E-commerce fuorilegge in Italia?

di Andrea Lisi (Scint.it) - A causa del nuovo Codice delle Amministrazioni Digitali rischiano di essere illegittimi tutti i siti web di commercio elettronico. Ecco perché
di Andrea Lisi (Scint.it) - A causa del nuovo Codice delle Amministrazioni Digitali rischiano di essere illegittimi tutti i siti web di commercio elettronico. Ecco perché


Roma – (note in calce al testo) – Il nuovo Schema di decreto legislativo recante il Codice delle Amministrazioni Digitali – recentemente approvato dal Governo e salutato da più parti come una vera novità, con la benedizione degli ambienti ministeriali – potrebbe mettere in serio pericolo le transazioni effettuate nel commercio elettronico per le imprese.
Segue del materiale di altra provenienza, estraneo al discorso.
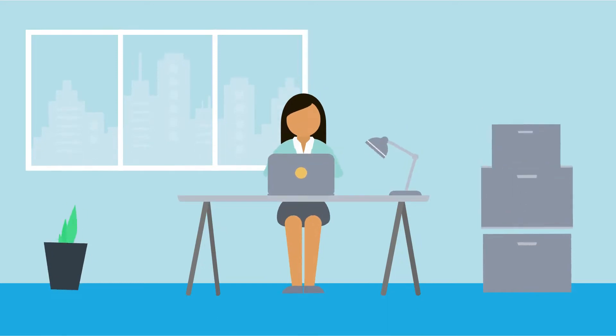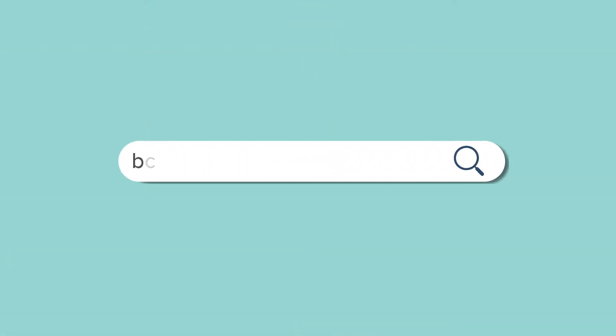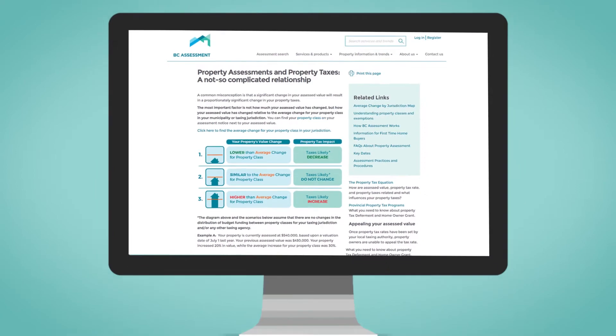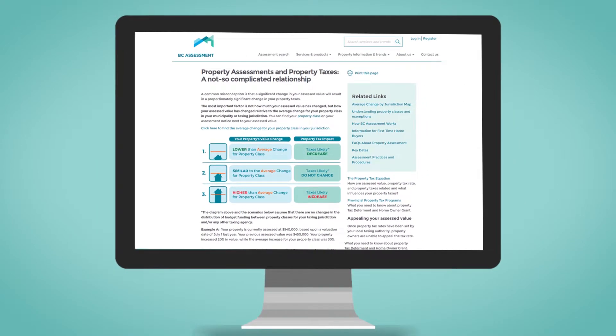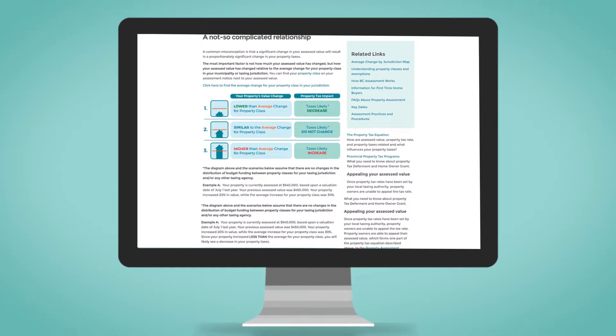Property taxes are a significant concern for property owners. An increase in assessed value does not necessarily mean an increase in your taxes. BC Assessment's website at bcassessment.ca/property-tax has information on how changes in assessment relate to changes in taxes.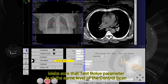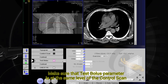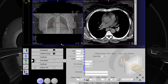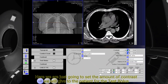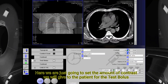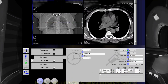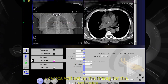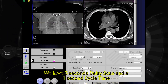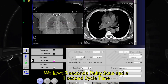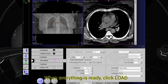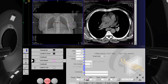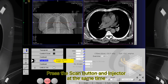Make sure the test bolus parameter is at the same level as the control scan. Here we are just going to set the amount of contrast we will give to the patient for the test bolus. Now we will set up the timing: we have 5 seconds delay scan and a 1 second cycle time. When everything is ready, click load. Press the scan button and injector at the same time.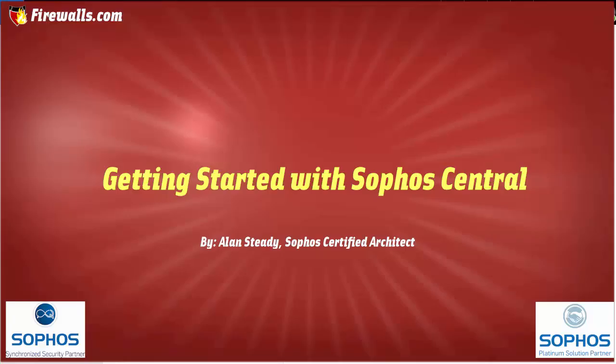Hello, Alan Steady here with Firewalls.com. In this video we're going to be providing a brief overview of getting started with Sophos Central.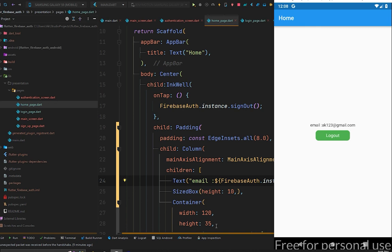That's how you can sign up a user using Firebase authentication. I hope you liked the video — show some love in the comments and let me know if anything is unclear. Be sure to subscribe and hit the bell icon so you don't miss any future updates. Goodbye and I'll see you in the next video.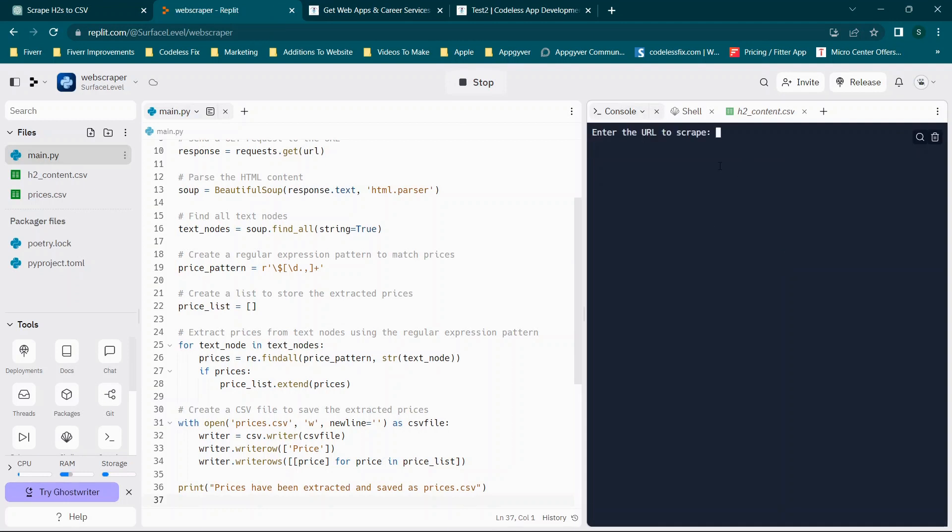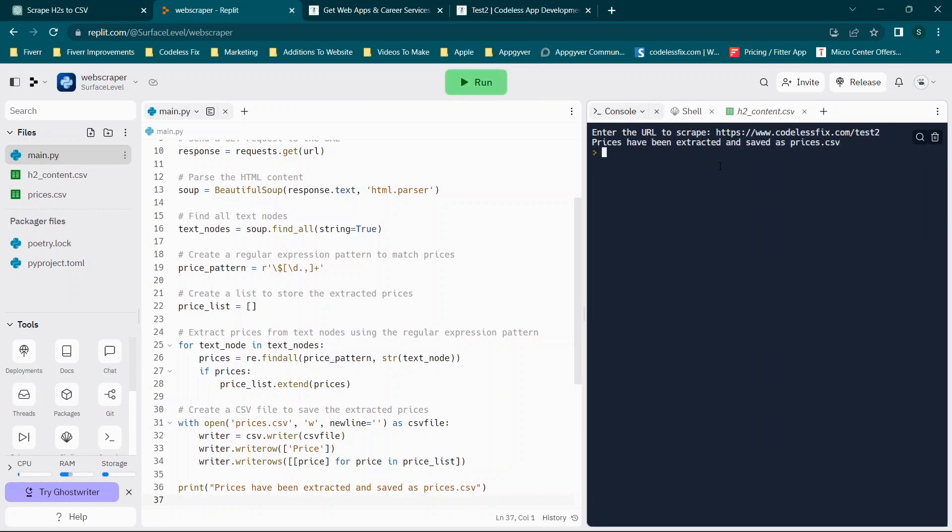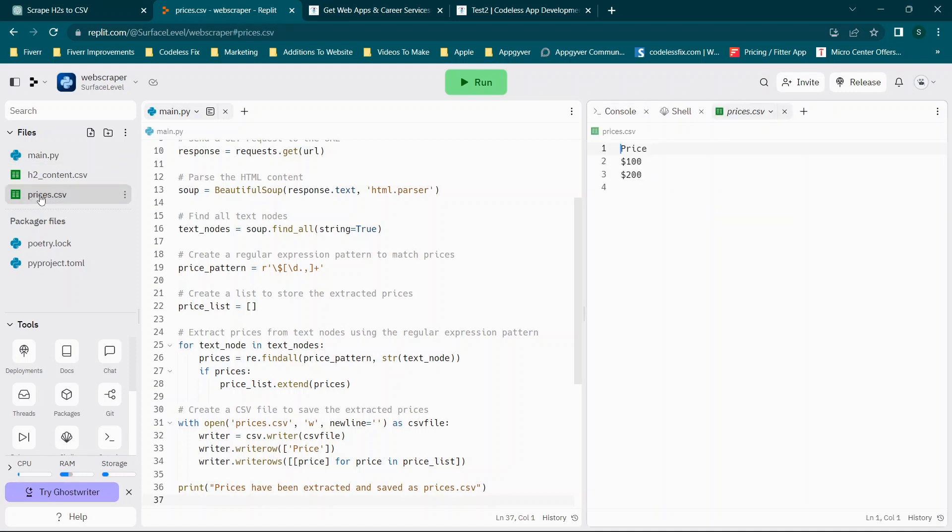And now it says enter the URL to scrape. So we'll do the same thing and hit enter. And you'll see it says prices have been extracted. And now we have this prices file that wasn't there previously. And it shows 100 and 200.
Con l’applicazione delle nuove norme contenute nel Codice (approvato in via preliminare dal Consiglio dei ministri l’11 novembre 2004) i titolari di siti e-commerce rischiano di vedere confinato nel limbo del “quasi giuridico” o del totalmente illegittimo quanto realizzato sino adesso sul web.

Gli articoli del Codice dedicati alla firma elettronica, al documento informatico, al contratto stipulato on-line (artt. 17 e 18 del Codice) -pensati essenzialmente per le esigenze del settore pubblico- a causa dell’art. 2 comma 3 del codice si applicherebbero anche ai privati, con conseguenze a dir poco devastanti per il futuro dell’e-business tra imprese. Pertanto quello che ci si deve chiedere prima di ogni cosa, in merito a questa ulteriore “nuova” normativa sul documento informatico e sulla firma digitale è perchè ci si ostina a voler rendere rilevanti anche per il settore privato normative sviluppate per le sole Pubbliche Amministrazioni! Il settore privato – fatto di scambi telematici internazionali tra imprese, di aformalismo contrattuale, di immediatezza e semplicità, di autoregolamentazione e creazione di nuove prassi – non può adattarsi a regole rigide pensate per attribuire massima sicurezza, autenticità e certificazione a documenti di natura pubblica.

Uno sguardo alla normativa attualmente in vigore
La normativa attualmente in vigore (il cd. Tuda e, cioè, il dpr 445/2000, come recentemente modificato dal d.lgs. n. 10/2002) è certamente migliorabile, ma ha quanto meno cercato di tener conto delle esigenze della prassi commerciale telematica attribuendo una qualche valenza formale a nuove forme di autenticazione molto utilizzate nel commercio elettronico tra privati (quali una ID e un PW di accesso ad un sito web o una stessa e-mail).

Infatti, a tutti questi documenti, anche se non “firmati” con firma digitale, veniva comunque attribuita rilevanza formale “scritta”, pur rimanendo gli stessi “liberamente valutabili” dal giudice dal punto di vista probatorio. Oggi queste norme, nonostante recepiscano la normativa comunitaria (direttiva n.93 del 1999), vengono nuovamente messe in discussione e il “nuovo” codice rischia di riportare indietro alla precedente normativa dedicata alla firma digitale (il dpr 513/1998) più volte “bacchettata” dagli esperti di Bruxelles.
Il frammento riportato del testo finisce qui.